- DVD cover
- Directed by: Jagan
- Written by: Jagan
- Produced by: Sreenivas Prasad
- Starring: Arjun; Pooja;
- Cinematography: K. Prasad
- Edited by: Sai Prasad Babu Raj
- Music by: S. A. Rajkumar
- Production company: Moturi Creations
- Release date: 14 January 1999;
- Running time: 140 minutes
- Country: India
- Language: Tamil

= Surya Parvai =

Surya Parvai is a 1999 Indian Tamil-language action crime film directed by Jagan in his directorial debut. The film stars Arjun and newcomer Pooja. It was released on 14 January 1999. The film is an unauthorised remake of the 1994 French film Léon: The Professional.

== Plot ==

Vijay is a hitman who works for Sundaramoorthy.
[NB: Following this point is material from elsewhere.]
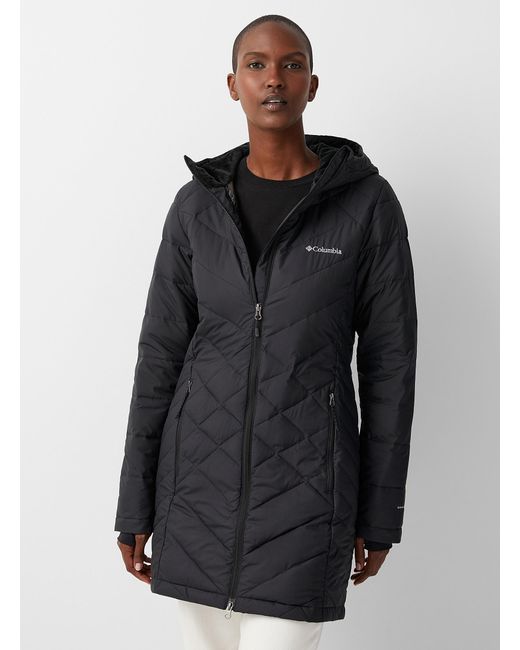 Columbia Synthetic Heavenly Plush Hooded Puffer Jacket in Black | Lyst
He kills anybody for a price, other than women and children, and lives alone in an apartment. Pooja, a young girl, studies in a boarding school and comes to her father's house for the holiday. Between her abusive father, selfish stepmother and an arrogant step-aunt, Pooja feels rather badly, but she treasures her lovely little brother Dinesh. Pooja tries to befriend Vijay, but Vijay is not interested. Her father is a drug smuggler. One day, Jayanth, the director of the Narcotics Control Bureau who secretly runs a drug empire, kills Pooja's family, including her brother. Vijay decides to accommodate Pooja, and Pooja compels him to teach her his skills as a hitman. What transpires later forms the crux of the story.

== Production ==
The film's story and screenplay were written by Arjun's assistant Jagan, who also made his directorial debut. Pooja Priyanka, daughter of actress Subhashini and niece of Jayasudha, was cast in the lead role opposite Arjun, while she was still at school.

== Soundtrack ==
The soundtrack was composed by S. A. Rajkumar, with lyrics written by Palani Bharathi.

Track listing
| No. | Title | Singer(s) | Length |
|---|---|---|---|
| 1. | "Boom Blast It" | Sowmya Raoh | 4:24 |
| 2. | "Ganapathi Thatha" | Harini, G. V. Prakash Kumar | 4:02 |
| 3. | "Hey Man" | Annupamaa | 4:57 |
| 4. | "Kadhavai Thirakkum" (Male) | P. Unnikrishnan | 3:52 |
| 5. | "Kadhavai Thirakkum" (Female) | K. S. Chithra | 3:52 |
| 6. | "Panirendu Vayasula" | Anuradha Sriram, Malgudi Subha | 4:45 |
| 7. | "Thotathu Pookkal" | S. P. Balasubrahmanyam, S. P. B. Pallavi | 4:12 |
| Total length: |  |  | 30:04 |

== Critical reception ==
Reviewing the Telugu version Hello Friend, a critic from The Hindu wrote, "Though the storyline is thin, the chock-n-block fisticuffs and slam-bang shoot-outs, along with the riveting performances by Arjun and Raghuvaran, keep you hooked onto a cinematic roller-coaster action ride. By hardly leaving any room for sentiment, it is quite obvious that Director Jagan seems to be influenced by the Hollywood action flicks. Even the action scenes are canned in that typical Hollywood style." Reviewing the same version, Griddaluru Gopalrao of Zamin Ryot wrote that the director Jagan enhanced the scope of the story with action scenes and song scenes to make the film appealing to the audience. The Tamil film was released in Malaysia under the title Kaavalan. K. N. Vijiyan of New Straits Times, reviewing this version, called the story subpar but believed it would satisfy Arjun fans.